Other report findings noted that:
1) One in three of the 4 million working families in California are considered low-income;
2) Of the 1.87 million low-income families in the state, 73 percent are a part of the labor force. Nearly half are without a high school diploma or GED. And 60 percent have no postsecondary education;
3) Forty percent, or more than 3.2 million, of all California children under the age of 18 are in working low-income families.
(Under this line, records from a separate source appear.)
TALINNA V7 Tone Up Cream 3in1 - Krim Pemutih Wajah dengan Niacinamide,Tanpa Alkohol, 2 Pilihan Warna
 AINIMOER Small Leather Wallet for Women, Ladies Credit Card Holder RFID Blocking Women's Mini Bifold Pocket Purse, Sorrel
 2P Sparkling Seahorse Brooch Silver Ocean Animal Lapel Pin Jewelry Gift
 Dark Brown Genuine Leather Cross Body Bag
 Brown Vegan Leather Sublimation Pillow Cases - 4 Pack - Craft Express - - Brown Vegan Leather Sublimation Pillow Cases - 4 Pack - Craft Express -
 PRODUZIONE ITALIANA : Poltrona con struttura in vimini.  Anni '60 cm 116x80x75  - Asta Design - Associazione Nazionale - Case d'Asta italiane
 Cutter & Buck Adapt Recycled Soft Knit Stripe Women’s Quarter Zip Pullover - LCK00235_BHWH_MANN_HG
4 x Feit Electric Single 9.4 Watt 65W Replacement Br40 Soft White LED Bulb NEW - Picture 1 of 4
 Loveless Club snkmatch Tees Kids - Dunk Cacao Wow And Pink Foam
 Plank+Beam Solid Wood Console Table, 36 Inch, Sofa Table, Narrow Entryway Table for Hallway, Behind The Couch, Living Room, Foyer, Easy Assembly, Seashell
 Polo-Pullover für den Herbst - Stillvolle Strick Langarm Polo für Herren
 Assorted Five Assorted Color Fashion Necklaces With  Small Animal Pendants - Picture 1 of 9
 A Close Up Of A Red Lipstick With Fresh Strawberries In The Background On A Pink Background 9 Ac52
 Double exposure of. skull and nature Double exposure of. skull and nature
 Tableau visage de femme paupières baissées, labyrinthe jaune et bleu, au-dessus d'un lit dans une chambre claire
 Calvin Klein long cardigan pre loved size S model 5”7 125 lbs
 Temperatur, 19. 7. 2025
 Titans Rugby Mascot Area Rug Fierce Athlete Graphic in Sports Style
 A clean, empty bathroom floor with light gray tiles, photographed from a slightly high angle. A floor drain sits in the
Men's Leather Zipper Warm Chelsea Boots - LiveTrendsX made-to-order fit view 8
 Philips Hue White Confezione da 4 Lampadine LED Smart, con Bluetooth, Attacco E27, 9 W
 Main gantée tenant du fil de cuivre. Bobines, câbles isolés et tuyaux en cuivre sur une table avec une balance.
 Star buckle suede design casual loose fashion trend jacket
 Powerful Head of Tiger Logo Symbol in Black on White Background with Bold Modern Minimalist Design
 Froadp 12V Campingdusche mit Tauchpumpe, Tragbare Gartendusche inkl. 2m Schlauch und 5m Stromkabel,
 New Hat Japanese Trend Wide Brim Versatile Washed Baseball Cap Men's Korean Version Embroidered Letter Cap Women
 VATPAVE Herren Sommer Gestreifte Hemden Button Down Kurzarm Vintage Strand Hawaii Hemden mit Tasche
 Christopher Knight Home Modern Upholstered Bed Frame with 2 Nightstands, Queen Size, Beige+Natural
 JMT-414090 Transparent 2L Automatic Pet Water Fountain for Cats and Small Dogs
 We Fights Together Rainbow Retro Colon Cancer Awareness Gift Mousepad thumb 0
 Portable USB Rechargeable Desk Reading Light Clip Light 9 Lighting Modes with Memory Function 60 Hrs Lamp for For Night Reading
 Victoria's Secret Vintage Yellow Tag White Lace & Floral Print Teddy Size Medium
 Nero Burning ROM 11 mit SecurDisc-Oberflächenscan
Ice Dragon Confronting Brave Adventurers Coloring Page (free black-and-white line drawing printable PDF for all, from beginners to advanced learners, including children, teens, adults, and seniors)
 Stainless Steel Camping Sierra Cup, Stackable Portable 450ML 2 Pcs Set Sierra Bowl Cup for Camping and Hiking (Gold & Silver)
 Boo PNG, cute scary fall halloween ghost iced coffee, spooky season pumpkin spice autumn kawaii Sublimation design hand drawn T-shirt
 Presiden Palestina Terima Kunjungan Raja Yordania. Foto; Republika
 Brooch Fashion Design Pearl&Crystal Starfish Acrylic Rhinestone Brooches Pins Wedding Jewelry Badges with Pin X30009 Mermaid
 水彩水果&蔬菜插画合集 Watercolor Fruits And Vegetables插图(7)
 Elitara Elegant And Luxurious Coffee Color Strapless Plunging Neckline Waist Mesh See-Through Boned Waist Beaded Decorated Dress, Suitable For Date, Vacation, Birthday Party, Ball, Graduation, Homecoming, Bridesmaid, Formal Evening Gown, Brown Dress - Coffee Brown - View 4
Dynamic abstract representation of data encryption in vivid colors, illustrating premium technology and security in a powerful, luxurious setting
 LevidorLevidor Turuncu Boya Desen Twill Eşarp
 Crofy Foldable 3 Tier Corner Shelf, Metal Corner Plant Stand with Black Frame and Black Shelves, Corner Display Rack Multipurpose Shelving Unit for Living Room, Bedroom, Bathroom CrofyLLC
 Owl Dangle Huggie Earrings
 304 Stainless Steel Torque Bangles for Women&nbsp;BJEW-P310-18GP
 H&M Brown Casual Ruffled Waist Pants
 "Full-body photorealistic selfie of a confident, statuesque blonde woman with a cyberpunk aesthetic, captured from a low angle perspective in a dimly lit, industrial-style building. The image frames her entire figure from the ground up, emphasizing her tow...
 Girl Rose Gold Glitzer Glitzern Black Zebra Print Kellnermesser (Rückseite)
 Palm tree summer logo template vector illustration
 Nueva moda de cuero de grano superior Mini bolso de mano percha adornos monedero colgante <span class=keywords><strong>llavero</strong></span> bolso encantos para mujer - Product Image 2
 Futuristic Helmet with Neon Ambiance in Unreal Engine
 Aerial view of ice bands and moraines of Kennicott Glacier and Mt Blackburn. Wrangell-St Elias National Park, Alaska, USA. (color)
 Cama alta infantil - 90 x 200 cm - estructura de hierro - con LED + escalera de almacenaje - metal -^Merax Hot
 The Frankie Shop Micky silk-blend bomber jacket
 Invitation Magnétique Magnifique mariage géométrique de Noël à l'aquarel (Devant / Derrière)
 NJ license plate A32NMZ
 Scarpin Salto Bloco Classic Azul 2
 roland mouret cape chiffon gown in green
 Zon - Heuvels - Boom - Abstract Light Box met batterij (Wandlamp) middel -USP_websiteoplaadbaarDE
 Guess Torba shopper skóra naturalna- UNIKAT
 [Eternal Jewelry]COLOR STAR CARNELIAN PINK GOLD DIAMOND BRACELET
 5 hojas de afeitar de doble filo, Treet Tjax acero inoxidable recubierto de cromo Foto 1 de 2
With the report identifying low educational attainment as a common characteristic of California’s working poor, it recommends the following higher education reforms to help move those families from poverty to financial stability:
1) Improve the coordination and pathways between high schools, adult education, two-year colleges, and four-year universities with regard to early college preparation, assessment, transfer, and preparation for future workforce needs;
2) Develop a comprehensive strategy, that includes innovative approaches, to improve the delivery of basic skills/remedial education to significantly increase the number of students successfully moving onto college-level coursework;
3) Develop a robust, statewide data system to track progress and outcomes of all students, including by socioeconomic impact, over time and between different educational systems;
4) Create a public agenda for higher education that sets clear goals—and monitors progress toward those goals—for preparing high school students for college, transitioning adult students into higher education and the workforce, increasing the number of certificate and degree completions, and aligning state policies and budgets needed to reach them.
5) Improve and expand financial aid options for non-traditional students (such as older, working adults), including better leveraging of federal student aid and workforce training dollars; and,
6) Prioritize educational resources that support student success and completion including orientation, counseling and advising services, and other support services that help close information gaps for low-income students.
Judy Patrick, the president and CEO of the Women’s Foundation of California, said that she and her organization are “eager to promote the findings of this report because it contains exactly the kinds of messages that we need to be giving in California at this critical time.”
“We partnered for many reasons on the creation of this report but mainly because we care deeply about California and we care about low-income families. … We know that, if California does well, women and low-income families will also do better,” she said.